- **Stored data**
..............................

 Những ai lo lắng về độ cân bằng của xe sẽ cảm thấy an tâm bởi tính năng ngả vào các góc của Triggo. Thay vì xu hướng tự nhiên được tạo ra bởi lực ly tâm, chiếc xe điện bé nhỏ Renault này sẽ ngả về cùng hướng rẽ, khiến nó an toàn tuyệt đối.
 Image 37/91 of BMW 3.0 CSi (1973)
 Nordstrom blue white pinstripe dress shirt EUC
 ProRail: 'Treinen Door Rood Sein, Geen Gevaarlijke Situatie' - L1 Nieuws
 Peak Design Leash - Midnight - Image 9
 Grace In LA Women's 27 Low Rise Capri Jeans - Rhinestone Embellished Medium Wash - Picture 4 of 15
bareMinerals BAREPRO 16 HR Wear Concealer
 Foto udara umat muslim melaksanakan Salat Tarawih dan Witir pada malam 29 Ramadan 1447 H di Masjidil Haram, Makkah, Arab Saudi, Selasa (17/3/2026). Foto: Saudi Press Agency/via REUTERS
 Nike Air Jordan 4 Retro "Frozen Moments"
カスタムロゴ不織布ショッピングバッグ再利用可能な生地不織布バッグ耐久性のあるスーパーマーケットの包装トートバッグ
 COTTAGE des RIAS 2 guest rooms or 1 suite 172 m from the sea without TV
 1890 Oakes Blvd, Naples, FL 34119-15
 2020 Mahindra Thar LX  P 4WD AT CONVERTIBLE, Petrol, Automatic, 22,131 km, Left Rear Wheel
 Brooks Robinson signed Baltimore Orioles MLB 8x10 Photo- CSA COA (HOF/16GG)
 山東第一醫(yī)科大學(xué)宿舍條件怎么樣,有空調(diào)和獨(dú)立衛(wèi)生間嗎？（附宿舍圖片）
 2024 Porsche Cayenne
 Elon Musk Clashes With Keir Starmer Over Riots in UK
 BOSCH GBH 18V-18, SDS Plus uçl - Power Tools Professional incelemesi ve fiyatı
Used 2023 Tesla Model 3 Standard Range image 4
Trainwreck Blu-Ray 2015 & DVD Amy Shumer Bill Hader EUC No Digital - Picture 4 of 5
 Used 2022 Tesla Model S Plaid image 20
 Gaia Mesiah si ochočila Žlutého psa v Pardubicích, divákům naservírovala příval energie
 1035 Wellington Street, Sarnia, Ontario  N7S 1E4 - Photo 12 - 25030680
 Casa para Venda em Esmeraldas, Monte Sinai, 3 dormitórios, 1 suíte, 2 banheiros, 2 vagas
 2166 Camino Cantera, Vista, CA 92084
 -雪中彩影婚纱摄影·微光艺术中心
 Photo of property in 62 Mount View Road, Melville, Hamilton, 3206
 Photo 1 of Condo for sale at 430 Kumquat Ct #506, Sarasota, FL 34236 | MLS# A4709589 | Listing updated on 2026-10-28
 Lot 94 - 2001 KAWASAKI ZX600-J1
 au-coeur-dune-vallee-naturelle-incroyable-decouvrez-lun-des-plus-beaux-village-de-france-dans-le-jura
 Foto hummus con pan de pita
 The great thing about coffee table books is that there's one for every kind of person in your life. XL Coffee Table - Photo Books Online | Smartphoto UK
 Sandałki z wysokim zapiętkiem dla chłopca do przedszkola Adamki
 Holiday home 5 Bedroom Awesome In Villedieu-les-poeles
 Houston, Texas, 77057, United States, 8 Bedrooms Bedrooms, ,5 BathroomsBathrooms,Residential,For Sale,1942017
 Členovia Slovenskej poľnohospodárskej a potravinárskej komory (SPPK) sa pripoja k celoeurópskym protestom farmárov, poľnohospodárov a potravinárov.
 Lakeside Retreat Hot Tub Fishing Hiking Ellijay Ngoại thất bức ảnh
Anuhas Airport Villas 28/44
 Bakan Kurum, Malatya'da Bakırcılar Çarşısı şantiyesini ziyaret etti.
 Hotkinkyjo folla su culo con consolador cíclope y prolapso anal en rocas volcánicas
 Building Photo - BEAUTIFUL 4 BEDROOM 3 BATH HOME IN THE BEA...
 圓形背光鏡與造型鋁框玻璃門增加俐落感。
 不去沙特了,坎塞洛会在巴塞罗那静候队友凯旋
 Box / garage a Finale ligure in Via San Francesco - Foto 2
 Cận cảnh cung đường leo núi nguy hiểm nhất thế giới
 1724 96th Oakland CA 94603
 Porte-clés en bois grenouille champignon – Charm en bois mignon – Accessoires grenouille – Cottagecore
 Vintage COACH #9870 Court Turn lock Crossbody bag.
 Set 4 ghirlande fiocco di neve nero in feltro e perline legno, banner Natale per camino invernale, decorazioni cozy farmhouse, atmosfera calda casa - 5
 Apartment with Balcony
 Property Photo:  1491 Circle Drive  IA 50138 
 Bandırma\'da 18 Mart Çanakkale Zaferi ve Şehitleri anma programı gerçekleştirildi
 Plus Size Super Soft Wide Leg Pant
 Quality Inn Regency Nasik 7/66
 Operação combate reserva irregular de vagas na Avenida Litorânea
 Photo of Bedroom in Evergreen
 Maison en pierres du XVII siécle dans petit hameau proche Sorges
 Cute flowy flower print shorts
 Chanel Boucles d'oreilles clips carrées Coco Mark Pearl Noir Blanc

..............................

- **Problem description**
Write out all the entries once more, exactly.

- **Expected answer**
 Những ai lo lắng về độ cân bằng của xe sẽ cảm thấy an tâm bởi tính năng ngả vào các góc của Triggo. Thay vì xu hướng tự nhiên được tạo ra bởi lực ly tâm, chiếc xe điện bé nhỏ Renault này sẽ ngả về cùng hướng rẽ, khiến nó an toàn tuyệt đối.
 Image 37/91 of BMW 3.0 CSi (1973)
 Nordstrom blue white pinstripe dress shirt EUC
 ProRail: 'Treinen Door Rood Sein, Geen Gevaarlijke Situatie' - L1 Nieuws
 Peak Design Leash - Midnight - Image 9
 Grace In LA Women's 27 Low Rise Capri Jeans - Rhinestone Embellished Medium Wash - Picture 4 of 15
bareMinerals BAREPRO 16 HR Wear Concealer
 Foto udara umat muslim melaksanakan Salat Tarawih dan Witir pada malam 29 Ramadan 1447 H di Masjidil Haram, Makkah, Arab Saudi, Selasa (17/3/2026). Foto: Saudi Press Agency/via REUTERS
 Nike Air Jordan 4 Retro "Frozen Moments"
カスタムロゴ不織布ショッピングバッグ再利用可能な生地不織布バッグ耐久性のあるスーパーマーケットの包装トートバッグ
 COTTAGE des RIAS 2 guest rooms or 1 suite 172 m from the sea without TV
 1890 Oakes Blvd, Naples, FL 34119-15
 2020 Mahindra Thar LX  P 4WD AT CONVERTIBLE, Petrol, Automatic, 22,131 km, Left Rear Wheel
 Brooks Robinson signed Baltimore Orioles MLB 8x10 Photo- CSA COA (HOF/16GG)
 山東第一醫(yī)科大學(xué)宿舍條件怎么樣,有空調(diào)和獨(dú)立衛(wèi)生間嗎？（附宿舍圖片）
 2024 Porsche Cayenne
 Elon Musk Clashes With Keir Starmer Over Riots in UK
 BOSCH GBH 18V-18, SDS Plus uçl - Power Tools Professional incelemesi ve fiyatı
Used 2023 Tesla Model 3 Standard Range image 4
Trainwreck Blu-Ray 2015 & DVD Amy Shumer Bill Hader EUC No Digital - Picture 4 of 5
 Used 2022 Tesla Model S Plaid image 20
 Gaia Mesiah si ochočila Žlutého psa v Pardubicích, divákům naservírovala příval energie
 1035 Wellington Street, Sarnia, Ontario  N7S 1E4 - Photo 12 - 25030680
 Casa para Venda em Esmeraldas, Monte Sinai, 3 dormitórios, 1 suíte, 2 banheiros, 2 vagas
 2166 Camino Cantera, Vista, CA 92084
 -雪中彩影婚纱摄影·微光艺术中心
 Photo of property in 62 Mount View Road, Melville, Hamilton, 3206
 Photo 1 of Condo for sale at 430 Kumquat Ct #506, Sarasota, FL 34236 | MLS# A4709589 | Listing updated on 2026-10-28
 Lot 94 - 2001 KAWASAKI ZX600-J1
 au-coeur-dune-vallee-naturelle-incroyable-decouvrez-lun-des-plus-beaux-village-de-france-dans-le-jura
 Foto hummus con pan de pita
 The great thing about coffee table books is that there's one for every kind of person in your life. XL Coffee Table - Photo Books Online | Smartphoto UK
 Sandałki z wysokim zapiętkiem dla chłopca do przedszkola Adamki
 Holiday home 5 Bedroom Awesome In Villedieu-les-poeles
 Houston, Texas, 77057, United States, 8 Bedrooms Bedrooms, ,5 BathroomsBathrooms,Residential,For Sale,1942017
 Členovia Slovenskej poľnohospodárskej a potravinárskej komory (SPPK) sa pripoja k celoeurópskym protestom farmárov, poľnohospodárov a potravinárov.
 Lakeside Retreat Hot Tub Fishing Hiking Ellijay Ngoại thất bức ảnh
Anuhas Airport Villas 28/44
 Bakan Kurum, Malatya'da Bakırcılar Çarşısı şantiyesini ziyaret etti.
 Hotkinkyjo folla su culo con consolador cíclope y prolapso anal en rocas volcánicas
 Building Photo - BEAUTIFUL 4 BEDROOM 3 BATH HOME IN THE BEA...
 圓形背光鏡與造型鋁框玻璃門增加俐落感。
 不去沙特了,坎塞洛会在巴塞罗那静候队友凯旋
 Box / garage a Finale ligure in Via San Francesco - Foto 2
 Cận cảnh cung đường leo núi nguy hiểm nhất thế giới
 1724 96th Oakland CA 94603
 Porte-clés en bois grenouille champignon – Charm en bois mignon – Accessoires grenouille – Cottagecore
 Vintage COACH #9870 Court Turn lock Crossbody bag.
 Set 4 ghirlande fiocco di neve nero in feltro e perline legno, banner Natale per camino invernale, decorazioni cozy farmhouse, atmosfera calda casa - 5
 Apartment with Balcony
 Property Photo:  1491 Circle Drive  IA 50138 
 Bandırma\'da 18 Mart Çanakkale Zaferi ve Şehitleri anma programı gerçekleştirildi
 Plus Size Super Soft Wide Leg Pant
 Quality Inn Regency Nasik 7/66
 Operação combate reserva irregular de vagas na Avenida Litorânea
 Photo of Bedroom in Evergreen
 Maison en pierres du XVII siécle dans petit hameau proche Sorges
 Cute flowy flower print shorts
 Chanel Boucles d'oreilles clips carrées Coco Mark Pearl Noir Blanc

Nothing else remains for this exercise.